'''

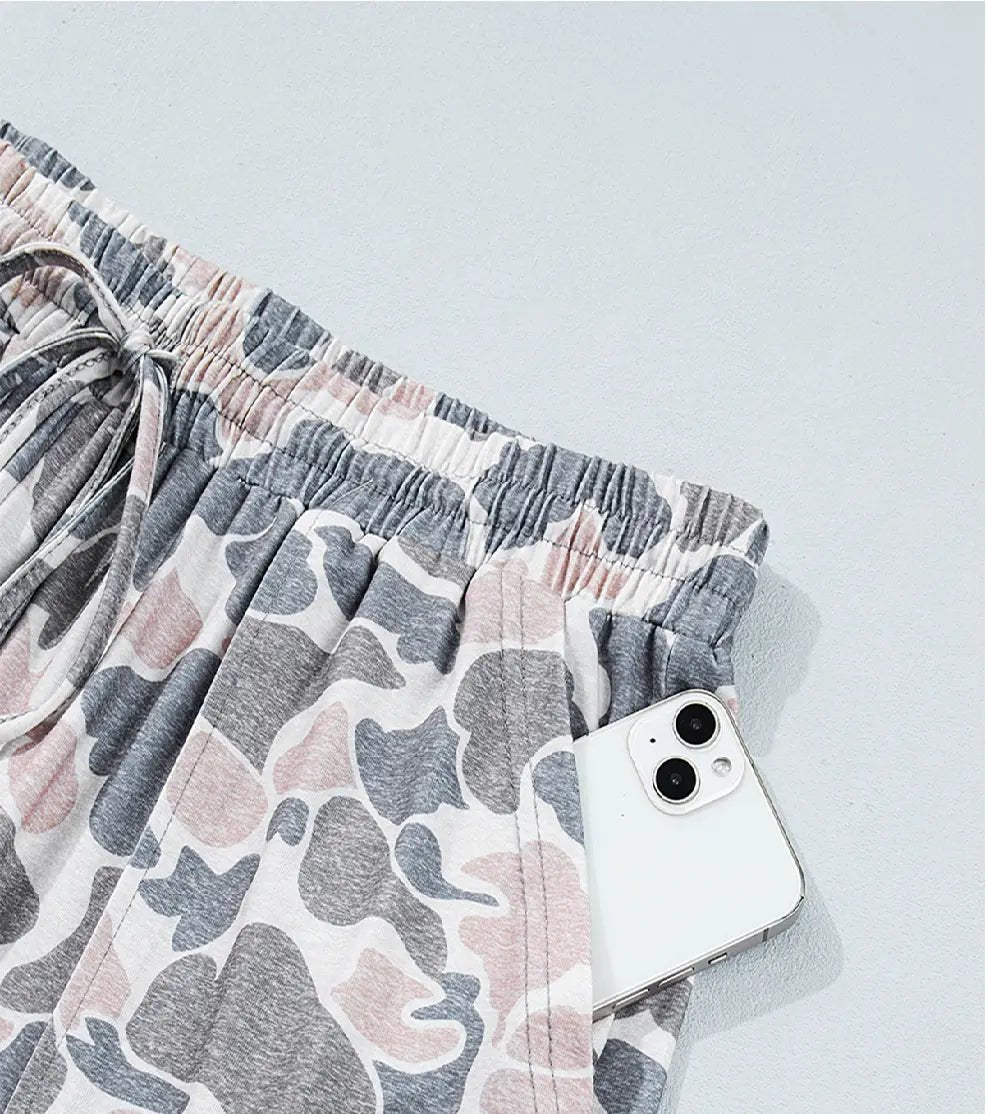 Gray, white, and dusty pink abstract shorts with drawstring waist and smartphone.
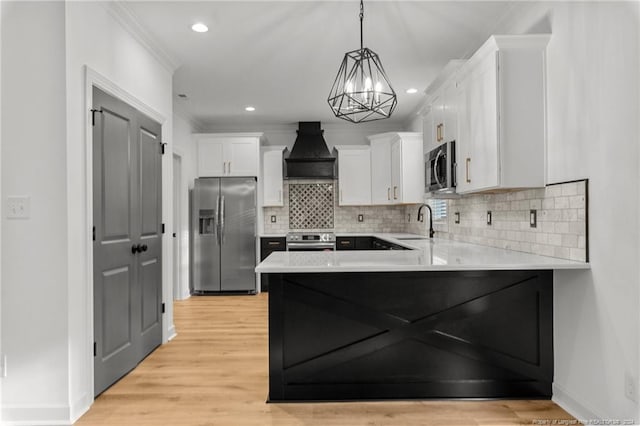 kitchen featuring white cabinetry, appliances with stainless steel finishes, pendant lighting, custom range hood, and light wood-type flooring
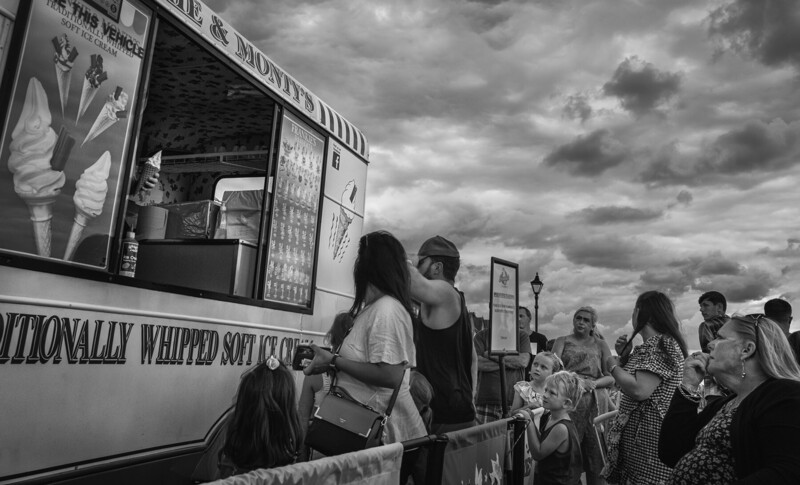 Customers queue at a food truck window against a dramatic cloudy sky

'''
'''

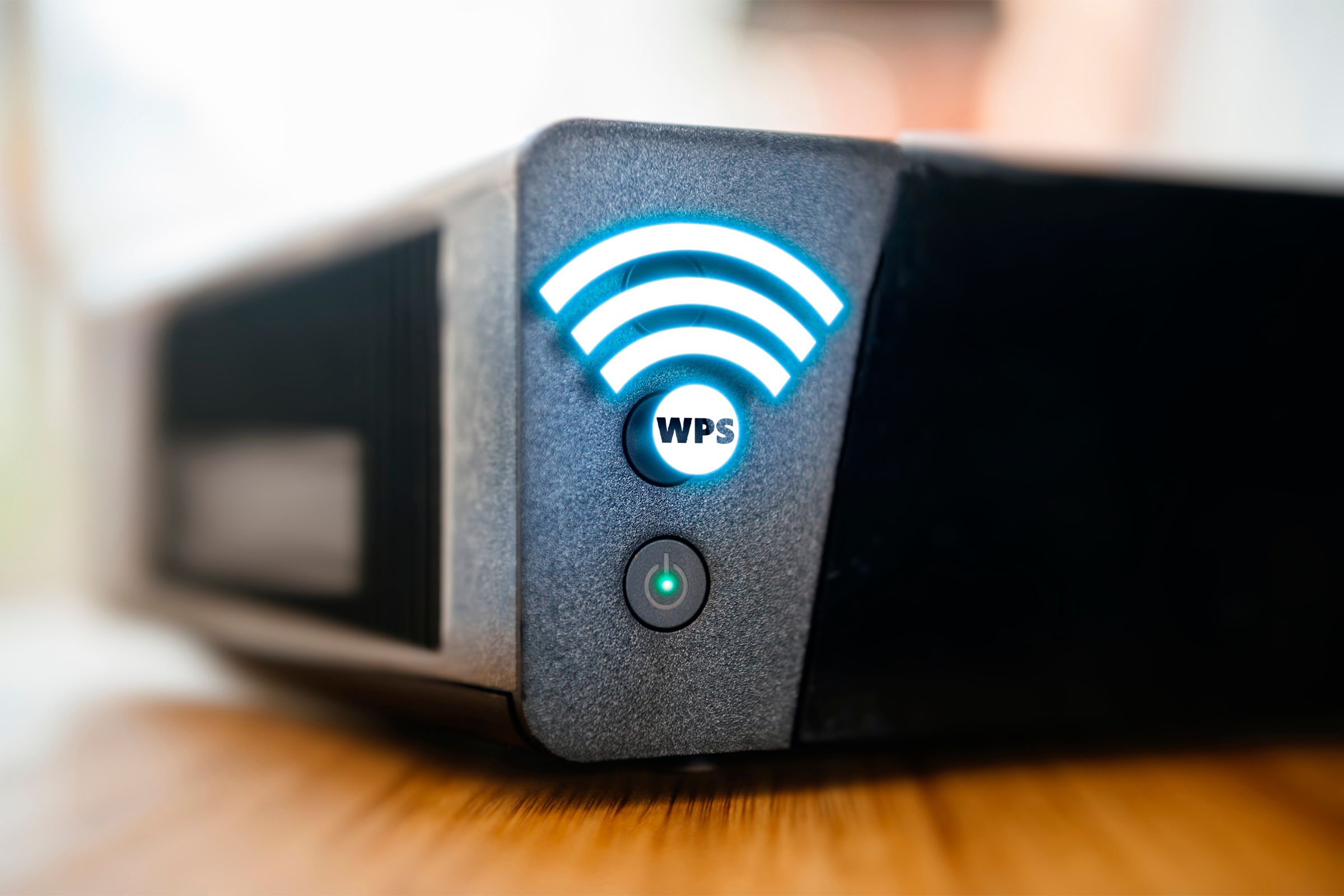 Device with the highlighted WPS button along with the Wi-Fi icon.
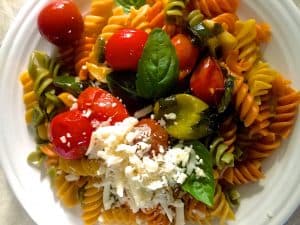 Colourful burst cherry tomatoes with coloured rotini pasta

'''

TASK TO COMPLETE: Restate word for word the lines of the data above that begin at the line with "Device with the" and end at the line with "Colourful burst cherry", keeping both ends and dropping every picture.

ANSWER FOR THIS EXERCISE:
 Device with the highlighted WPS button along with the Wi-Fi icon.
 Colourful burst cherry tomatoes with coloured rotini pasta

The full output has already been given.